START Provided data

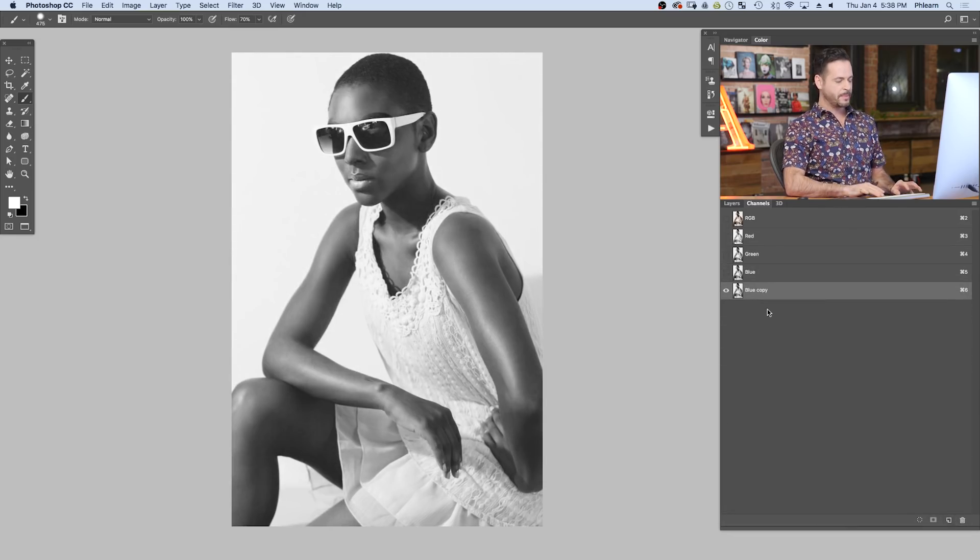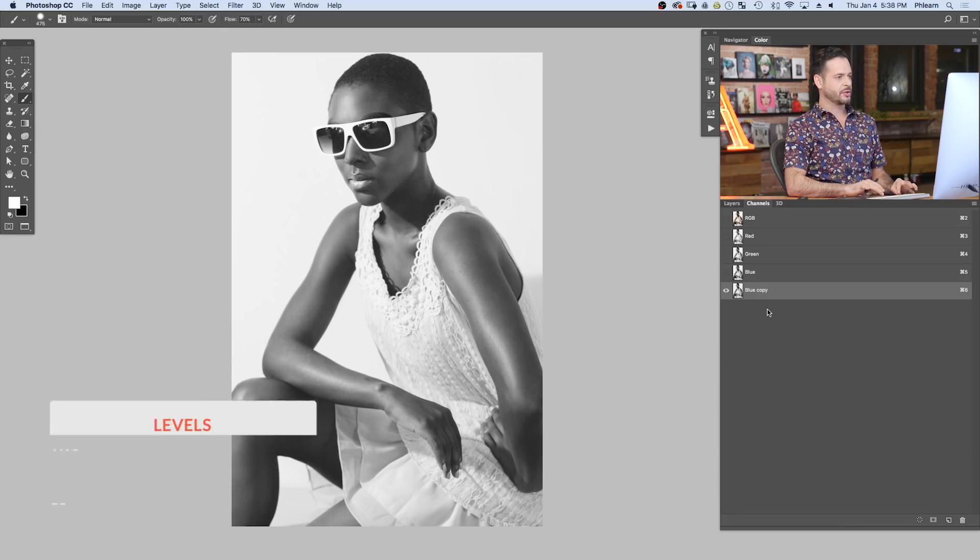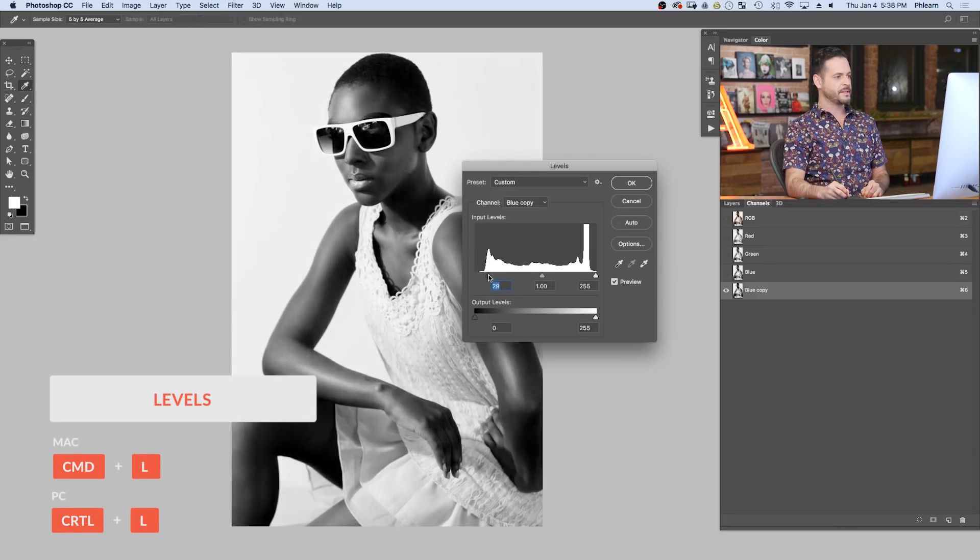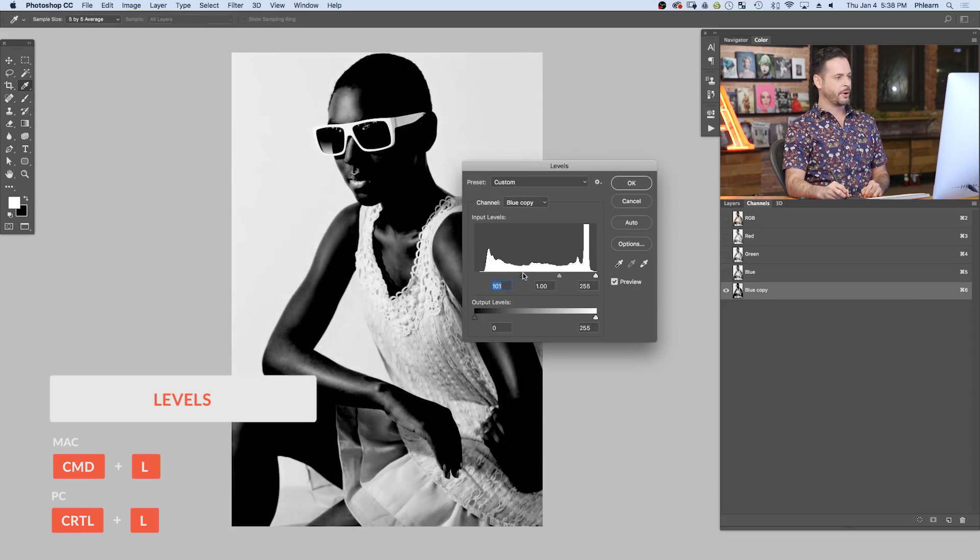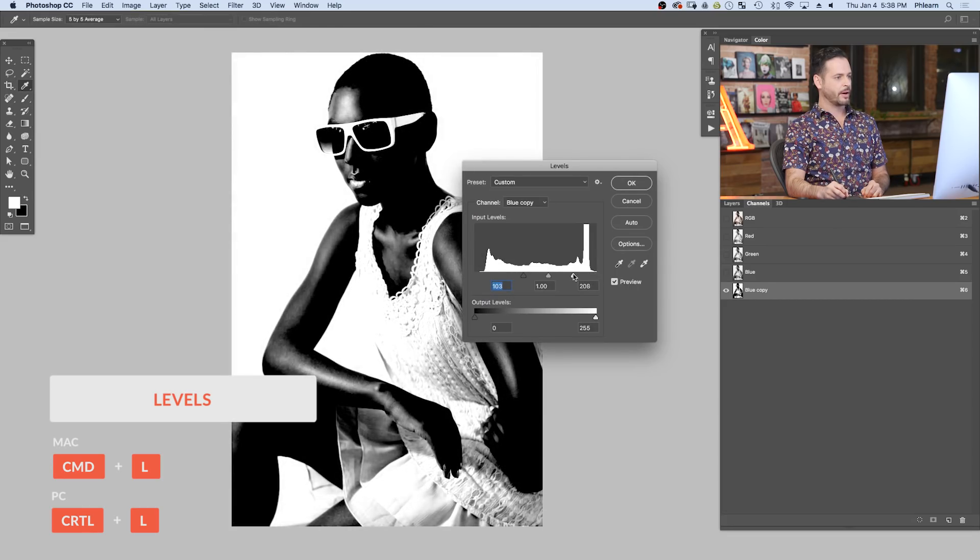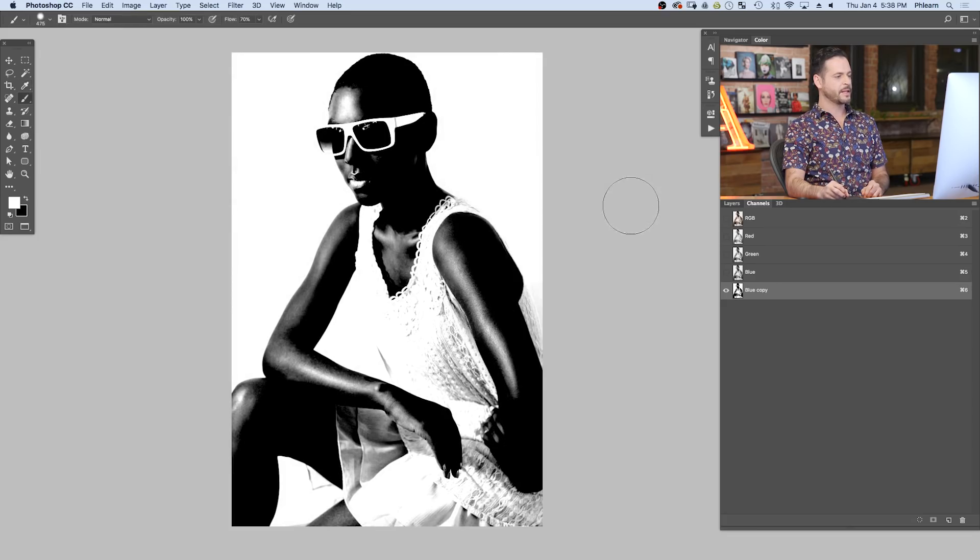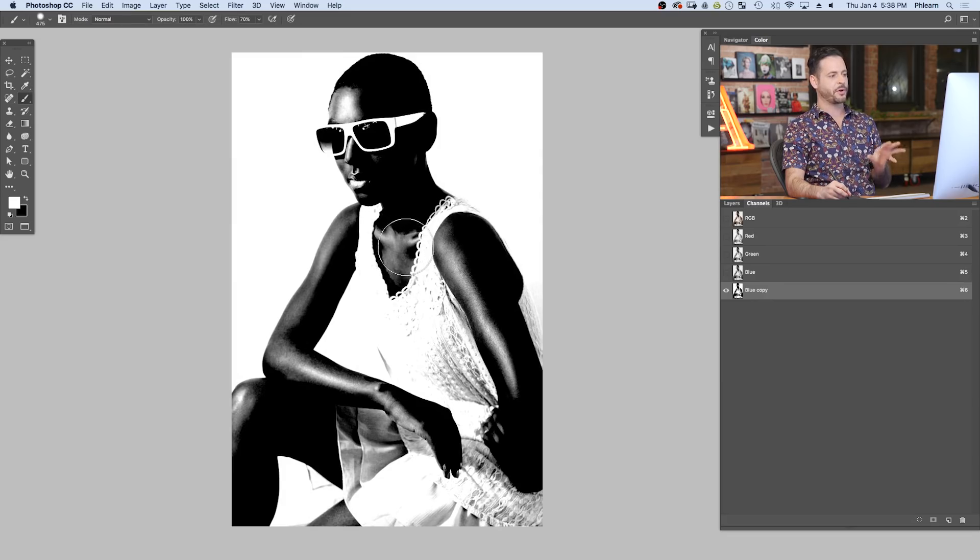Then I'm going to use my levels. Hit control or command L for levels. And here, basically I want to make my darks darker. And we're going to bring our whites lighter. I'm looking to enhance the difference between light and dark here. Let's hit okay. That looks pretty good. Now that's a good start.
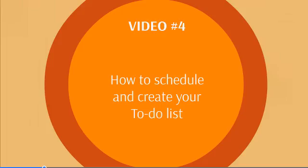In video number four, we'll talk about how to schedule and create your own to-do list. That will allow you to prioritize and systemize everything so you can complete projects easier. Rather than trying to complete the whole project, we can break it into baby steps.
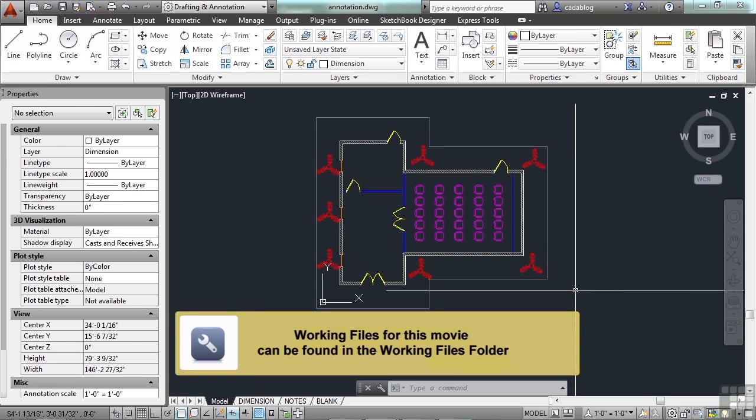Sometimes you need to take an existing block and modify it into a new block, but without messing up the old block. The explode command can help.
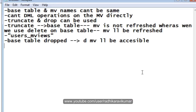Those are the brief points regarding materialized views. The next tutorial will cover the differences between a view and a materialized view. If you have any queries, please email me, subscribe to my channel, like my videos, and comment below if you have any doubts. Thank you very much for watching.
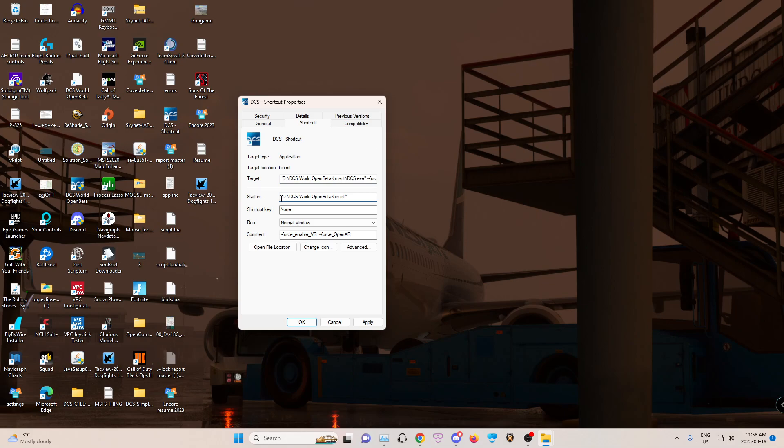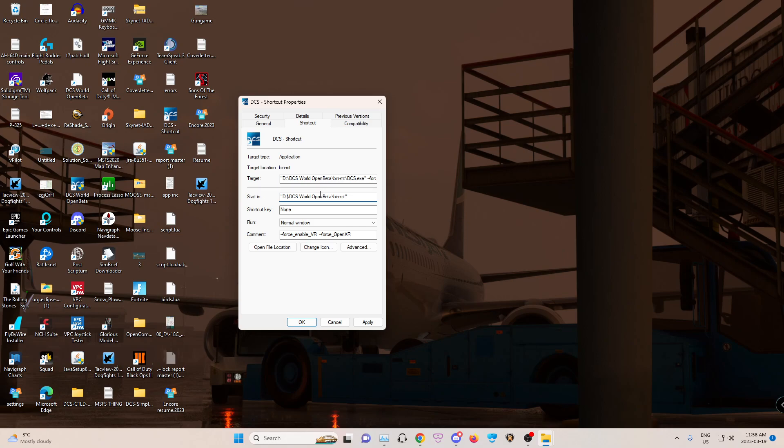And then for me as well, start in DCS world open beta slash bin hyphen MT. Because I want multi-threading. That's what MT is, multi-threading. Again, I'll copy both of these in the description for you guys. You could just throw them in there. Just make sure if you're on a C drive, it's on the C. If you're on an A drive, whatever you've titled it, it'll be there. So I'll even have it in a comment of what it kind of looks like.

END Provided data

Instructions to follow ▸ Every record above must be copied exactly, and no picture may appear in the copy.

Output of the task ▸
Then I'm going to use my levels. Hit control or command L for levels. And here, basically I want to make my darks darker. And we're going to bring our whites lighter. I'm looking to enhance the difference between light and dark here. Let's hit okay. That looks pretty good. Now that's a good start.
In video number four, we'll talk about how to schedule and create your own to-do list. That will allow you to prioritize and systemize everything so you can complete projects easier. Rather than trying to complete the whole project, we can break it into baby steps.
Sometimes you need to take an existing block and modify it into a new block, but without messing up the old block. The explode command can help.
Those are the brief points regarding materialized views. The next tutorial will cover the differences between a view and a materialized view. If you have any queries, please email me, subscribe to my channel, like my videos, and comment below if you have any doubts. Thank you very much for watching.
And then for me as well, start in DCS world open beta slash bin hyphen MT. Because I want multi-threading. That's what MT is, multi-threading. Again, I'll copy both of these in the description for you guys. You could just throw them in there. Just make sure if you're on a C drive, it's on the C. If you're on an A drive, whatever you've titled it, it'll be there. So I'll even have it in a comment of what it kind of looks like.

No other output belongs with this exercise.